Orang-orang yang menganut kebijakan kewarganegaraan tunggal, seperti Indonesia, juga menghadapi tantangan terkait kebijakan kewarganegaraan. Kebijakan kewarganegaraan tunggal yang diatur dalam Undang-Undang Nomor 12 Tahun 2006 memaksa seseorang untuk memilih antara mempertahankan kewarganegaraan Indonesia atau mengadopsi kewarganegaraan negara tempat tinggal.
“Kewarganegaraan ganda muncul sebagai alternatif strategis untuk mengatasi dilema ini, memberikan fleksibilitas hukum yang memungkinkan diaspora mempertahankan keterikatannya dengan Indonesia tanpa kehilangan haknya di negara lain,” tulis peneliti dari Universitas Indonesia Chris Setio Wardoyo dan Adrianus Eliasta Melialas, serta peneliti dari Politeknik Imigrasi Muhammad Alvi Syahrin dalam riset yang diterbitkan Indonesian Journal of Social Technology (Januari, 2025).
Menurut para peneliti, diaspora Indonesia secara umum mendukung kebijakan yang memungkinkan mereka mempertahankan kewarganegaraan ganda. Alasan utama dukungan terhadap kebijakan kewarganegaraan ganda adalah keinginan diaspora untuk terus berkontribusi pada pembangunan nasional. Alasan lainnya, adanya ikatan emosional yang kuat dengan Indonesia.

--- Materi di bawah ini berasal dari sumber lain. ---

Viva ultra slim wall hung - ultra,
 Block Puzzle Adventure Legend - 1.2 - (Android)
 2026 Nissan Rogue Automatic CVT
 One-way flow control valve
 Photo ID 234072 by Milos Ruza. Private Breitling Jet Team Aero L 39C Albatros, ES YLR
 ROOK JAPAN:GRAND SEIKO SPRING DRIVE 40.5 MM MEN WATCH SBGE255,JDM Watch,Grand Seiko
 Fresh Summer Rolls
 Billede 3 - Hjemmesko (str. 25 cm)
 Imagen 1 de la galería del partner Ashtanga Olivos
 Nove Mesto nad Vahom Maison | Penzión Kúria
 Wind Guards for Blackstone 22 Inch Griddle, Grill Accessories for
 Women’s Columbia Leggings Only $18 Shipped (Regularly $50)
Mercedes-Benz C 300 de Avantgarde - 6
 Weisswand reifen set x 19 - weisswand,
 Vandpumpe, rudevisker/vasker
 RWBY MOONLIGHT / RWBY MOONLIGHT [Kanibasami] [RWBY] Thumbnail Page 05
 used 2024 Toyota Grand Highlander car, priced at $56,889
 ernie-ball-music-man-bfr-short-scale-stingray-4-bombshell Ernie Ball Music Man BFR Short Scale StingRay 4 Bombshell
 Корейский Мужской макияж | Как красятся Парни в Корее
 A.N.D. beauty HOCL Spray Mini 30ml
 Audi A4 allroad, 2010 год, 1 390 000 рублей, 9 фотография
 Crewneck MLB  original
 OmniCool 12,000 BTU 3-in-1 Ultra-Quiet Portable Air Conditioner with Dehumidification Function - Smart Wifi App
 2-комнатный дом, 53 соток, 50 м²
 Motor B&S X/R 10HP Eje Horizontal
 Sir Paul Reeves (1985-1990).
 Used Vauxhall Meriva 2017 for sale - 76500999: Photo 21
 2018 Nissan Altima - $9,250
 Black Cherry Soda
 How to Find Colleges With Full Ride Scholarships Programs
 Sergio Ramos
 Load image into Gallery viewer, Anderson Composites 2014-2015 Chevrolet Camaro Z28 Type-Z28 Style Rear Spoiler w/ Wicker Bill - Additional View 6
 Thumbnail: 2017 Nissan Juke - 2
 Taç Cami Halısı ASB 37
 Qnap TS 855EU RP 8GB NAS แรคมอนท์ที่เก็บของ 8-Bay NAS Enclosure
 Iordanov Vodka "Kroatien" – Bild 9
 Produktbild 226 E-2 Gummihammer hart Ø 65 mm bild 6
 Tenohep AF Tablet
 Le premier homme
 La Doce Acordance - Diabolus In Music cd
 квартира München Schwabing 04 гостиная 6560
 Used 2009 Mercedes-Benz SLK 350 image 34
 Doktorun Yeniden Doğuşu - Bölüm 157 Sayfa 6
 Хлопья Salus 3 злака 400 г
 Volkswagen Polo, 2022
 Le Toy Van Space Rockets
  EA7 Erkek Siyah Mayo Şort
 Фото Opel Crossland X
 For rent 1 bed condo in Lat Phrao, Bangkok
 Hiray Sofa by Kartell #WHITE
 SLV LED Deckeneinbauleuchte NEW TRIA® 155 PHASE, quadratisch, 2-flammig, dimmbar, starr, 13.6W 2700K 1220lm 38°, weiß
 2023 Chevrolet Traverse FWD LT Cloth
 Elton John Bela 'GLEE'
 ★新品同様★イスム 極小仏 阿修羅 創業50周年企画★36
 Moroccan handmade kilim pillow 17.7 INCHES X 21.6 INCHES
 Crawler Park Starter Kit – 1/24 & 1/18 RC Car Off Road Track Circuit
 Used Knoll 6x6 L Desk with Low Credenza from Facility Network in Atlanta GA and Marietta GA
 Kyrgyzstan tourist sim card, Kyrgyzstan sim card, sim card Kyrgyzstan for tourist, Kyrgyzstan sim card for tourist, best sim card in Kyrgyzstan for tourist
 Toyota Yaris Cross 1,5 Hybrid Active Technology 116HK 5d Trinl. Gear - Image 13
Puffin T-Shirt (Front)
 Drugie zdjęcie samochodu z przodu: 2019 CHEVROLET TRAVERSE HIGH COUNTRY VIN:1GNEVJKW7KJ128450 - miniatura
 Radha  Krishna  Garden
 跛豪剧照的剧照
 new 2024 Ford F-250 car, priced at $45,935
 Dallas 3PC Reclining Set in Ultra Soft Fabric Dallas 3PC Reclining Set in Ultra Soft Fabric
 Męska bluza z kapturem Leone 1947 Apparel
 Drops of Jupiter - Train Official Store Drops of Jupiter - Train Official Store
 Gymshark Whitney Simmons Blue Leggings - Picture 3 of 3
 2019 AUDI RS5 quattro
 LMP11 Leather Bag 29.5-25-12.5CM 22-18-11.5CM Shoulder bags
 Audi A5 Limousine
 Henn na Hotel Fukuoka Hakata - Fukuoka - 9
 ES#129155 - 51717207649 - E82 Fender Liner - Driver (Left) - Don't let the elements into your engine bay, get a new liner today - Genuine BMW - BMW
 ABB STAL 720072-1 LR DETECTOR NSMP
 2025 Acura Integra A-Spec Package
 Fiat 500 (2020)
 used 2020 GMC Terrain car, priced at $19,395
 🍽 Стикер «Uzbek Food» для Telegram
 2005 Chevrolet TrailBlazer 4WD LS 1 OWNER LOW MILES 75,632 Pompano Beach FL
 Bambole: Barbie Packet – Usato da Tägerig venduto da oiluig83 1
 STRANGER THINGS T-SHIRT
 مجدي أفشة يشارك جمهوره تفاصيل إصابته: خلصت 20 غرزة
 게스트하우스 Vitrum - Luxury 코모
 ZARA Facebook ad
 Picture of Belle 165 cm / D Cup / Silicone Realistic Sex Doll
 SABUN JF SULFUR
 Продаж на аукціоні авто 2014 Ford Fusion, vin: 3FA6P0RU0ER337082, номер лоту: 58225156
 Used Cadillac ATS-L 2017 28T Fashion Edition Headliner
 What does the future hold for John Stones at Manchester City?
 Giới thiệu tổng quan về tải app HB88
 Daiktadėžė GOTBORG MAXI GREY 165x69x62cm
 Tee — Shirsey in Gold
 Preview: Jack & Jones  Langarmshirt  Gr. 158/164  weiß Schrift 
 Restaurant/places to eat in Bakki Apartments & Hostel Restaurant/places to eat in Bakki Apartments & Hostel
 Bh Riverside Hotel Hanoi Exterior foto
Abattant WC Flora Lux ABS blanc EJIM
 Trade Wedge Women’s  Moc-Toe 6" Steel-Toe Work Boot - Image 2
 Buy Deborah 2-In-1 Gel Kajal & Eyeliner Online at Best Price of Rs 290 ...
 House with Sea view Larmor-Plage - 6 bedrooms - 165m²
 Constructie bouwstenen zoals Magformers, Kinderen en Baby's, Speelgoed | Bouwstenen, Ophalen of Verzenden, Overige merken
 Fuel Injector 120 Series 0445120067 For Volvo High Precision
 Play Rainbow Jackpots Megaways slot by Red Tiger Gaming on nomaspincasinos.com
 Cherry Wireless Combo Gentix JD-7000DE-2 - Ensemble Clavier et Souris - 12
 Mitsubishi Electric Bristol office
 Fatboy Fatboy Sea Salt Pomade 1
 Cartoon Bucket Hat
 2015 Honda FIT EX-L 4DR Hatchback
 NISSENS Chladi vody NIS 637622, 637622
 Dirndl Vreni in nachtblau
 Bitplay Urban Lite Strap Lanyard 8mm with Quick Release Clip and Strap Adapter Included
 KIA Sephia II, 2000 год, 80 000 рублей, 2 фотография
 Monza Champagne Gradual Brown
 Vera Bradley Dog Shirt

“Meskipun dukungan terhadap kewarganegaraan ganda cukup kuat, tetapi ada beberapa tantangan yang perlu diatasi, di antaranya kekhawatiran tentang loyalitas ganda, potensi konflik hukum, dan risiko terhadap keamanan nasional,” tulis para peneliti dalam riset bertajuk “Indonesian Diaspora's Preferences for Dual Citizenship: Opportunities and Challenges for National Resilience” tersebut.